[Data for analysis Boundary: Start]
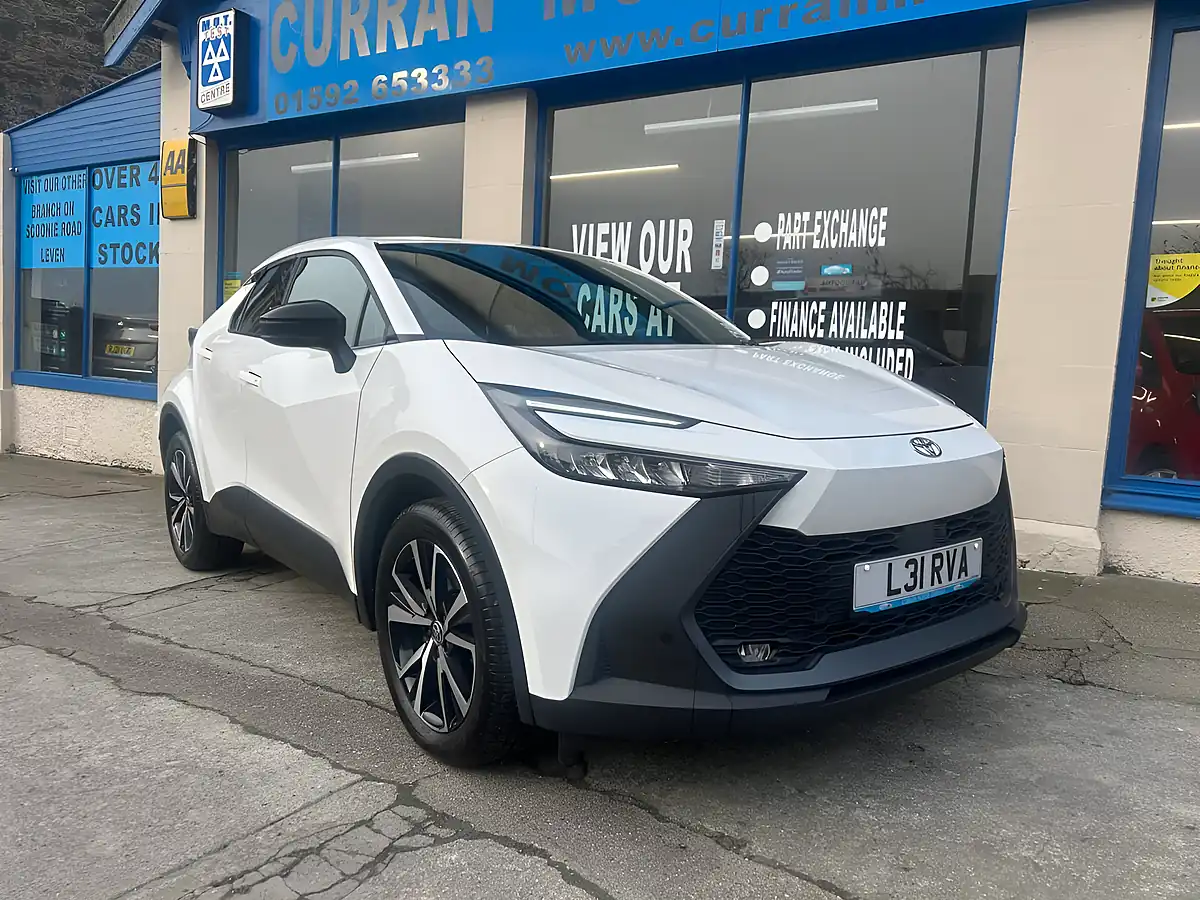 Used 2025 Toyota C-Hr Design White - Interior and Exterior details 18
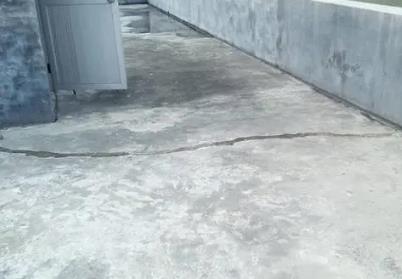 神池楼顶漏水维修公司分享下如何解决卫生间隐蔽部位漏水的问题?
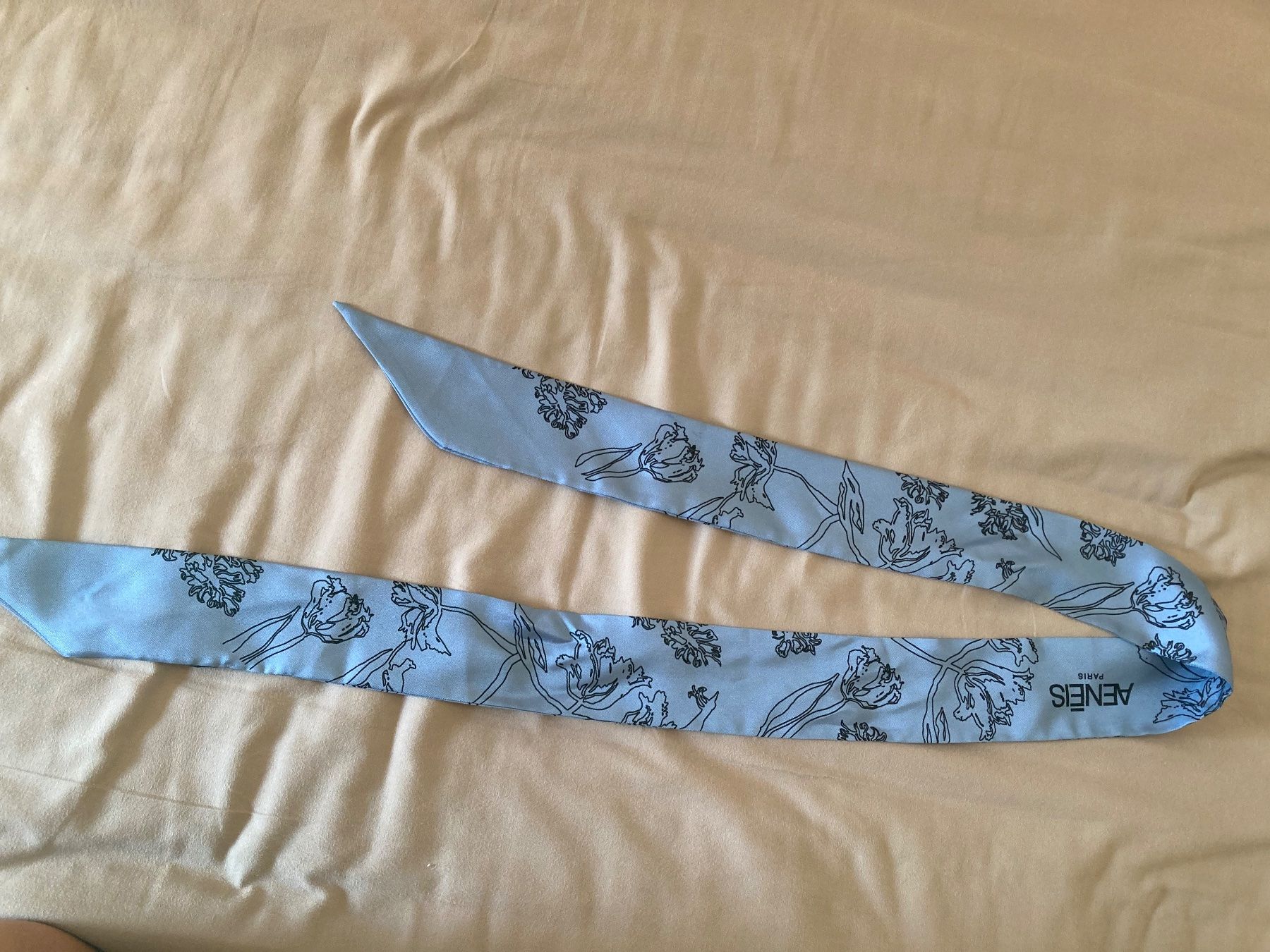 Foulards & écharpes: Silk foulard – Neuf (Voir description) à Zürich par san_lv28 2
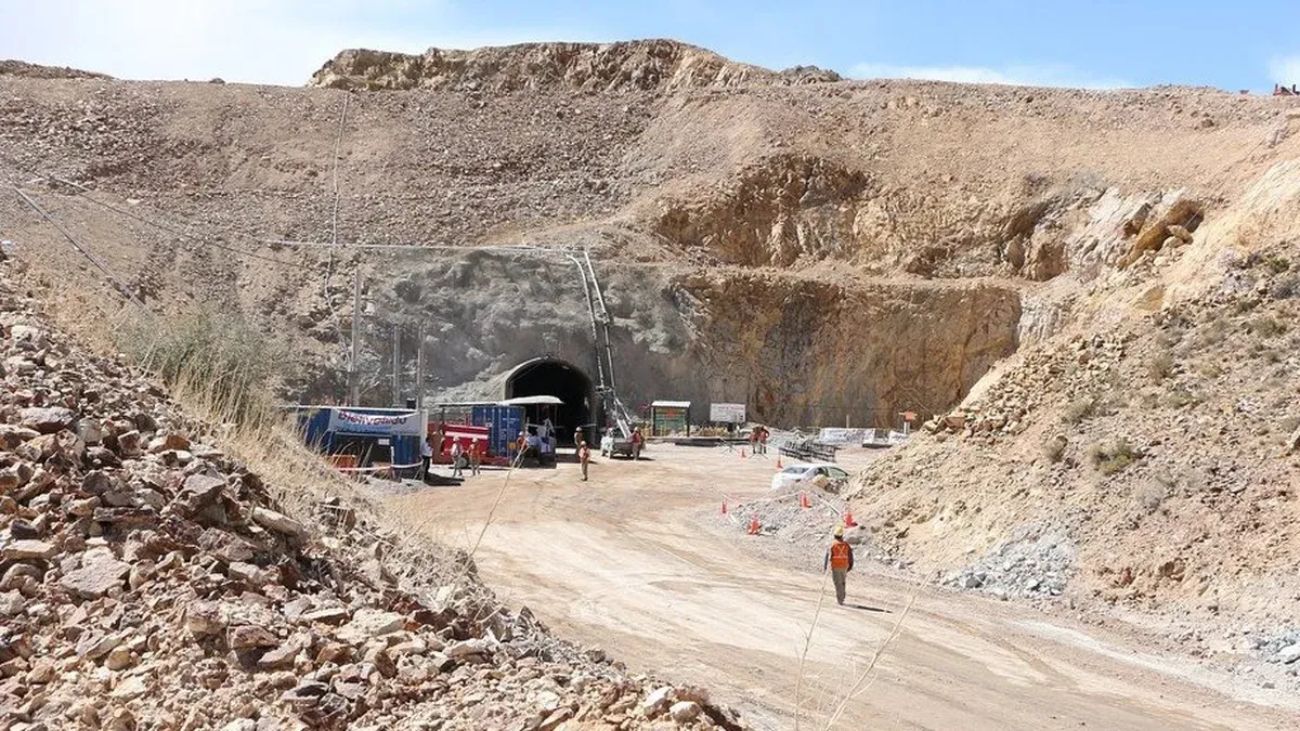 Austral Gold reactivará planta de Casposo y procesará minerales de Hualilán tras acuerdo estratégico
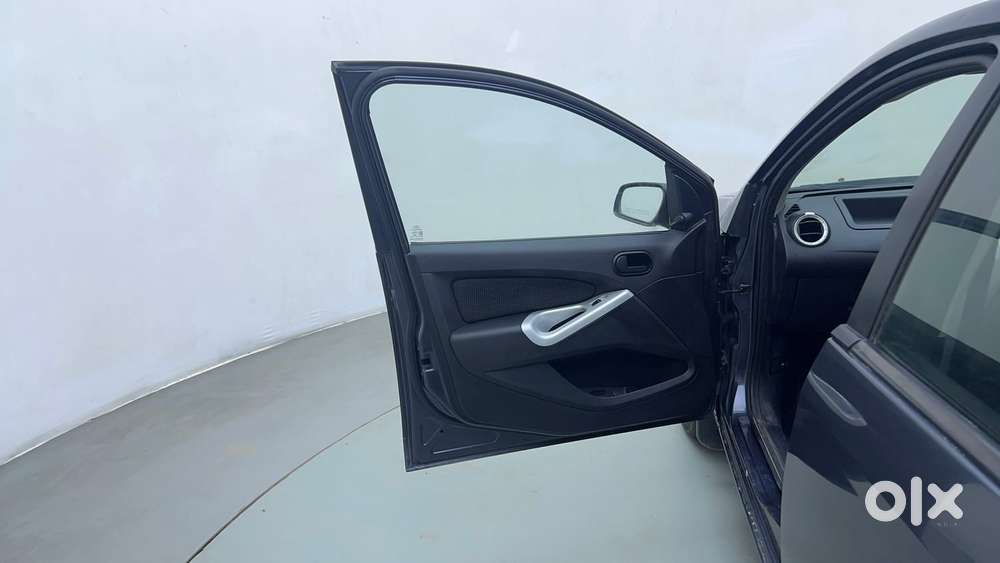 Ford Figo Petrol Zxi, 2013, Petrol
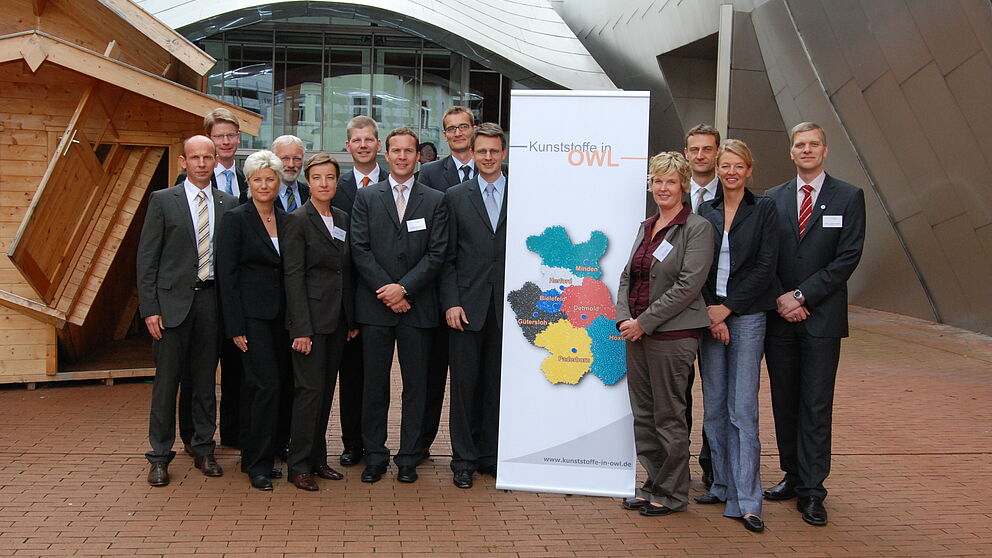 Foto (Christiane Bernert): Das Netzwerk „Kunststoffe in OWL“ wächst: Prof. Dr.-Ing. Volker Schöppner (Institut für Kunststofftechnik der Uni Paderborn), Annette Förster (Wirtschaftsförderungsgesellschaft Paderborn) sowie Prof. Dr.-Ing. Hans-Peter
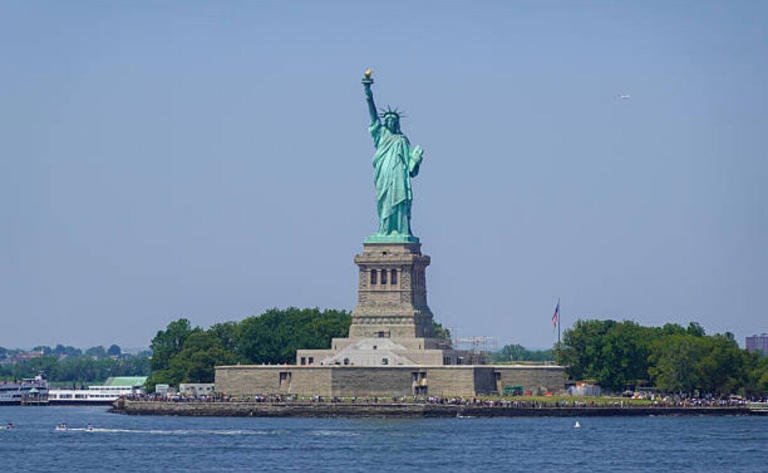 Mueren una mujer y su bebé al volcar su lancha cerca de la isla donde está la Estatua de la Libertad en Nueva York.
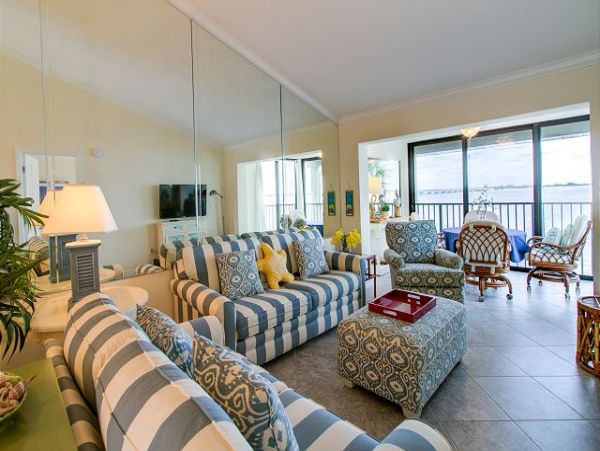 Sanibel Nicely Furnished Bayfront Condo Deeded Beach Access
[Data for analysis Boundary: End]
* Work to be completed *
The answer is to be the lines from the line that contains "Mueren una mujer" through the last line of the material, retyped exactly, both included, with pictures left out, please.

* Response *
 Mueren una mujer y su bebé al volcar su lancha cerca de la isla donde está la Estatua de la Libertad en Nueva York.
 Sanibel Nicely Furnished Bayfront Condo Deeded Beach Access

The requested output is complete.